During the school year at the University of New Mexico, the Refugee Well-Being Project holds “learning circles” at the University Heights United Methodist Church in Albuquerque. There students and refugee families meet twice a week to enjoy each other’s company and find ways to lend support to the resettled families.  

The project has been helping refugees and their families since 2000. Its goal is to help local refugees with friendship and opportunities for a better life.

Jessica Goodkind, a University of New Mexico Associate Professor for Sociology, leads the project.

“Our emphasis is on promoting mutual learning between college students and refugee families, so that they can learn from each other,” Goodkind said.  “And also engage together in advocacy — to mobilize resources to help refugees meet their unmet needs and goals.”

The families often need help and encouragement with such basics as finding long term housing, arranging transportation, finding jobs and schools, and other necessities of everyday life, Goodkind said.

To give the project structure, UNM students are paired up with a refugee family to help them in their transition to their new home.

“I think that one of the strengths that UNM students bring is really their experience as Americans… their enthusiasm. They’re young,” Goodkind said.

Olivia Martinez, a student advocate and senior Psychology and Anthropology major at UNM, is working with the program to help refugees in any way possible.

“The moment they get here they become members of our community,” Martinez said. “I mean there’s this universal human want to help other people and I think that’s one of the reasons that this is most important.”

Martinez tries to work with the families and be able to help them settle into their new homes.  

According to the United Nations Refugee Agency, a refugee is someone who has fled their country because of war, persecution or violence. Persecution can be related to religion, race, social group or  other circumstances.

The UNHCR reports 51 percent of refugees are under 18 years old. The UNHCR has also helped over 50 million refugees since 1951.

Martinez recalls the satisfaction of working with a recent refugee.

Participants in the Refugee Well-Being Project were photographed at the University Heights United Methodist Church in Albuquerque on December 6th, 2017. These families, who preferred not to share their names, are from Afghanistan, Iraq, Syria, Rwanda, Burundi and the Democratic Republic of Congo. (Photos & Collage by Kevin Maestas / NM News Port)

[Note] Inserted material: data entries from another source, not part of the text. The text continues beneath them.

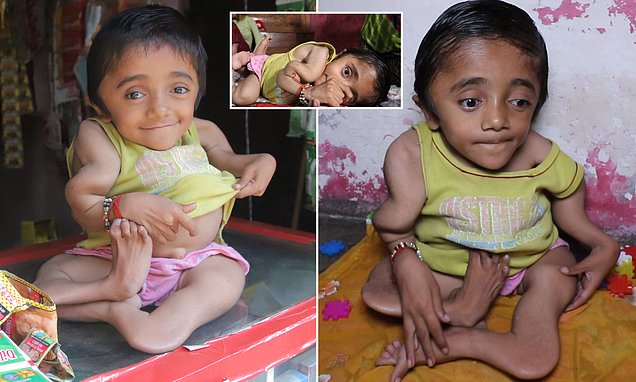 Rohit, 12, suffers terrible pain most of the day due to osteoporosis but it doesn't stop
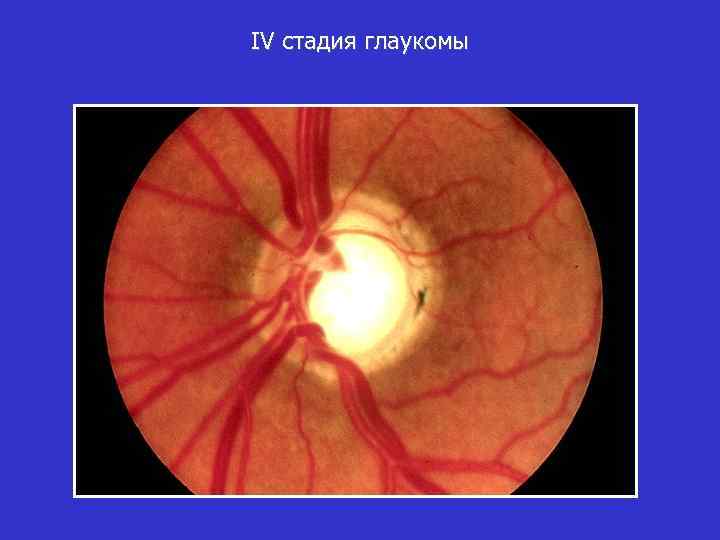 IV стадия глаукомы 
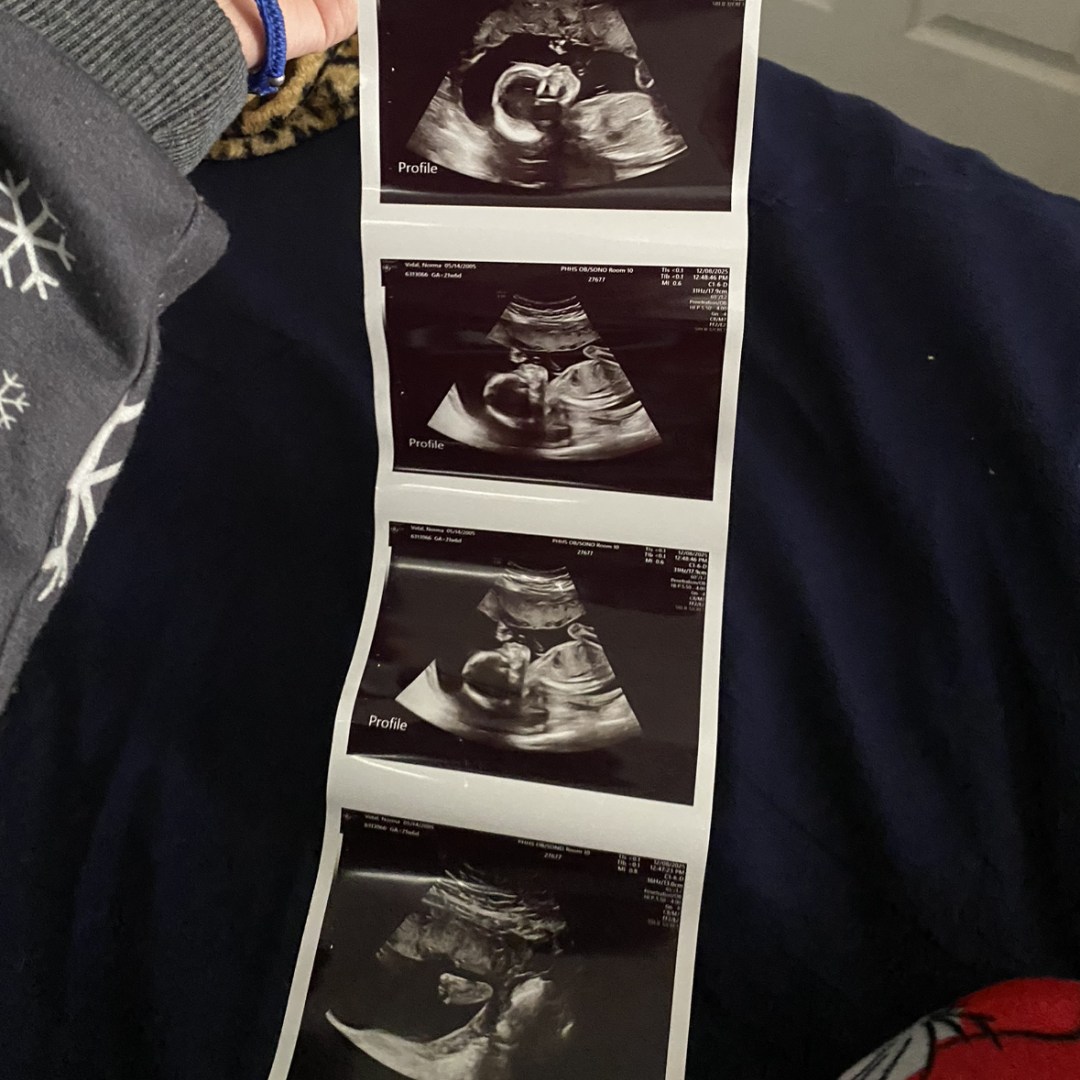 Photo shared by Norma for their Babylist baby registry.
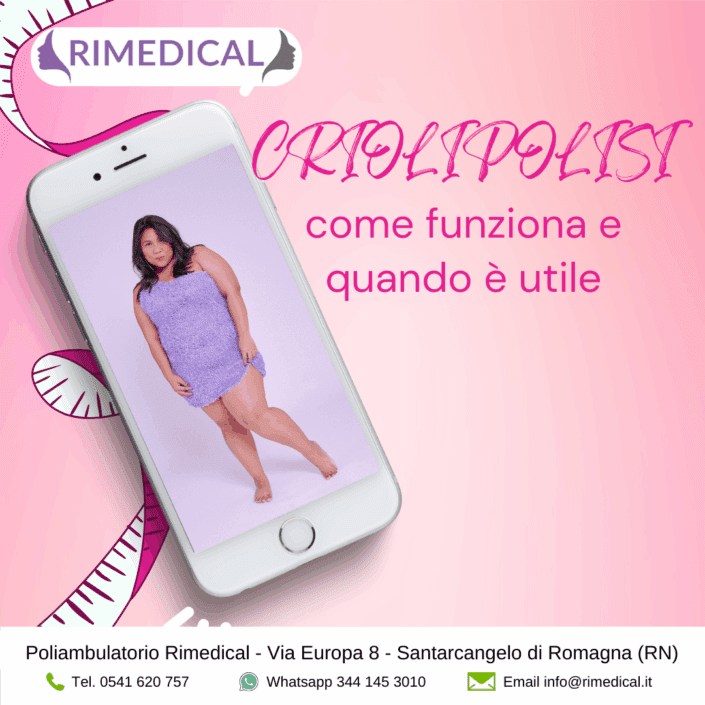 criolipolisi-cosè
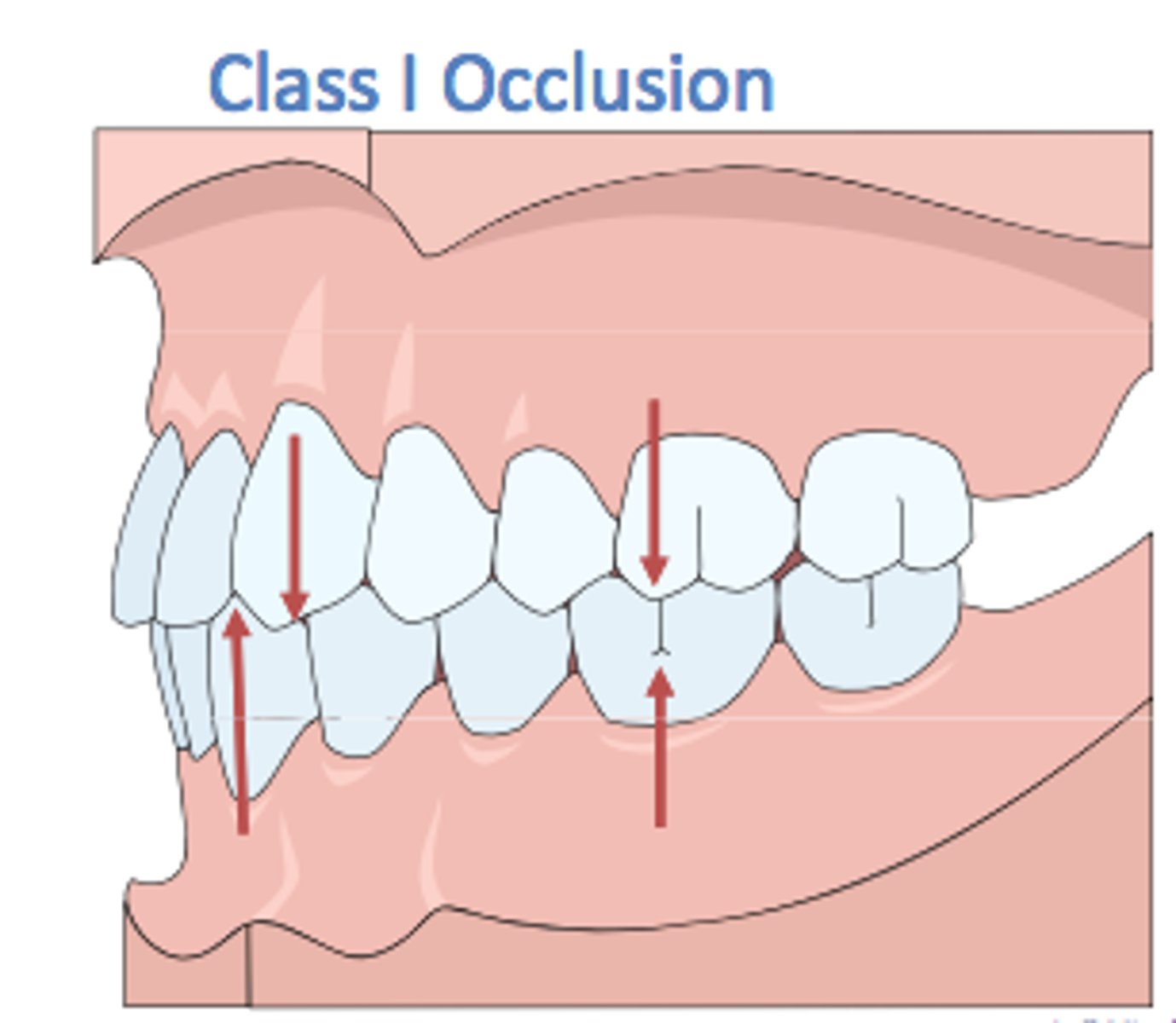 <p>(Mesognathic) Normal</p><p>-Mesiobuccal cusp of the maxillary first molar is positioned in the buccal groove of the mandibular first molar.</p><p>-Maxillary canine occluded with the distal half of the mandibular canine and the mesial half of the mandibular first premolar</p><p>-Malposition of individual teeth or groups of teeth</p>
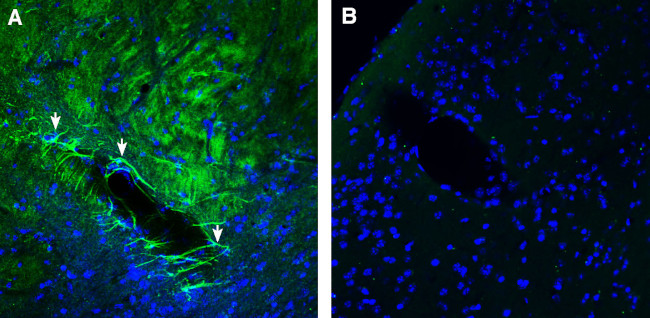 GPR143 Antibody in Immunohistochemistry (Frozen) (IHC (F))
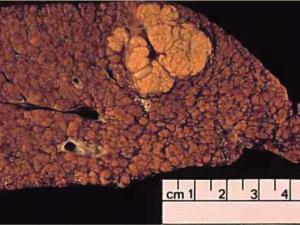 hepatocellular-carcinoma-organ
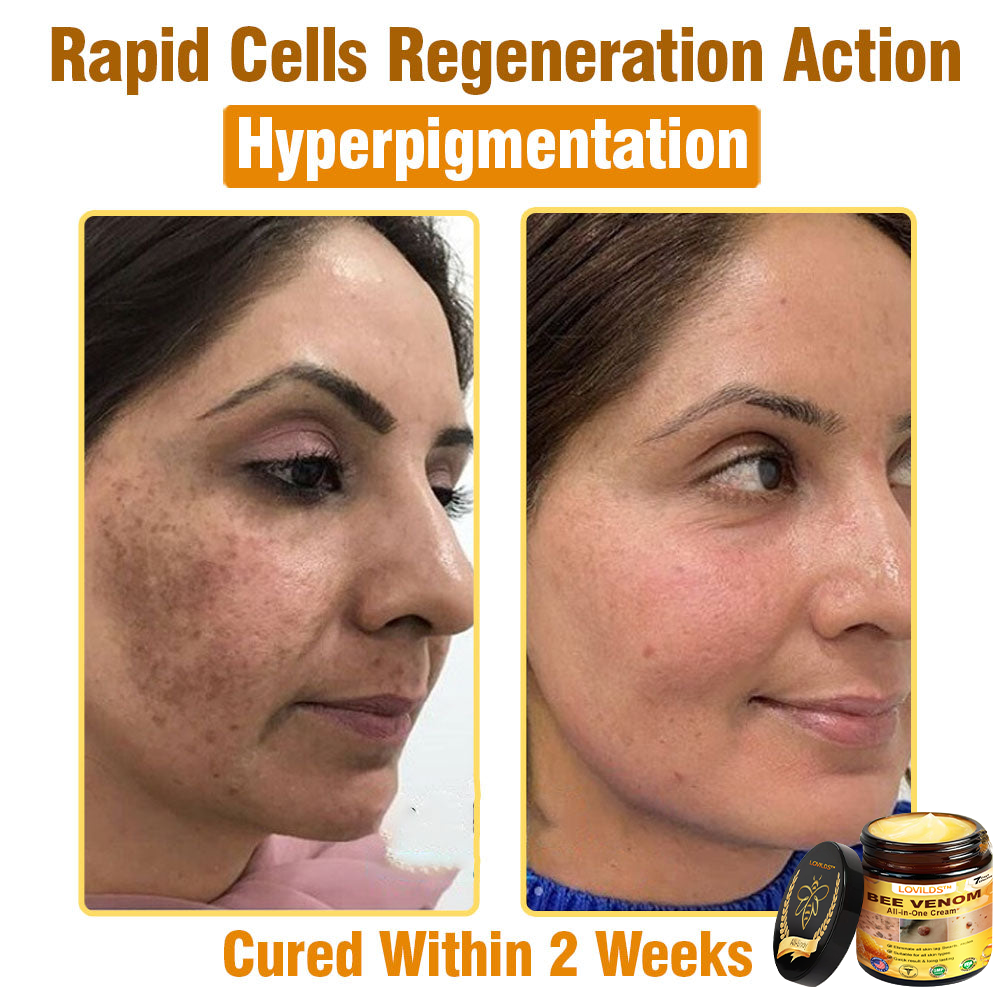 𝐋𝐎𝐕𝐈𝐋𝐃𝐒™ 𝐁𝐞𝐞 𝐕𝐞𝐧𝐨𝐦 𝐀𝐥𝐥-𝐢𝐧-𝐎𝐧𝐞 𝐂𝐫𝐞𝐚𝐦–🌸 Anti-aging,Hydrating, Skin Repair, Even Tone, Acne and Dark Spot Treatment, Wart and Mole Removal, Psoriasis Relief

“I picked up a mother with three children…we actually started working together right away,” Martinez said. “She had a trash bag full of documents that needed to be sorted…and we became really really close friends basically by the end of the week.”

Helping another family can be tough at times, Martinez said, but explains that it helped her learn things about herself.

“In terms of myself, I just learned how to be a better listener, how to be more available, how to manage my time,” Martinez said.  “You know, how to really know how to be there for someone in a genuine way.”

The Refugee Act of 1980 created The Federal Refugee Resettlement Program to provide for the effective resettlement of refugees and to assist them to achieve economic self-sufficiency as quickly as possible after arrival in the United States. This policy has helped many refugees in the past but recently, under the Trump administration, there will be fewer benefits and a tighter travel ban than in years past.

The third version of Trump’s travel ban has been approved by the Supreme Court, allowing for more restrictions for refugees.

The court’s orders ensure that the administration can fully enforce its new restrictions on travel from eight nations. Most citizens of Iran, Libya, Syria, Yemen, Somalia, Chad and North Korea will be restricted from entering the United States, along with some groups of people from Venezuela, according to the New York Times.

While these restrictions make it more difficult for refugees to come to America and provide fewer benefits,  the local Refugee Well-Being Project plans to continue.

“There’s a lot of other motivations for helping disadvantaged groups, whether it be economic, political or anything like that,” Martinez said. “But at the end of the day,it’s just another person who you can really — you know — offer something to and in turn they can offer something equally as great to you.”